Give the number of lines in the data below containing the word "dining", with no other text.

** Data follows **

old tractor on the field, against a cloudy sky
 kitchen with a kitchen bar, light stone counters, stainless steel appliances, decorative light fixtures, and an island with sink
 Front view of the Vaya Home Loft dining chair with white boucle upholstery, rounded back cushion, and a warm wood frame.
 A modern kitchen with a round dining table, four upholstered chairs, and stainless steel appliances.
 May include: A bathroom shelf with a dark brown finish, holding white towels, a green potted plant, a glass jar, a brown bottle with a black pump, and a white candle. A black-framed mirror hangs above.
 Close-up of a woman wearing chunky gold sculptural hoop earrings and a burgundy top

** End of Data **

> **Reply to the exercise**:
2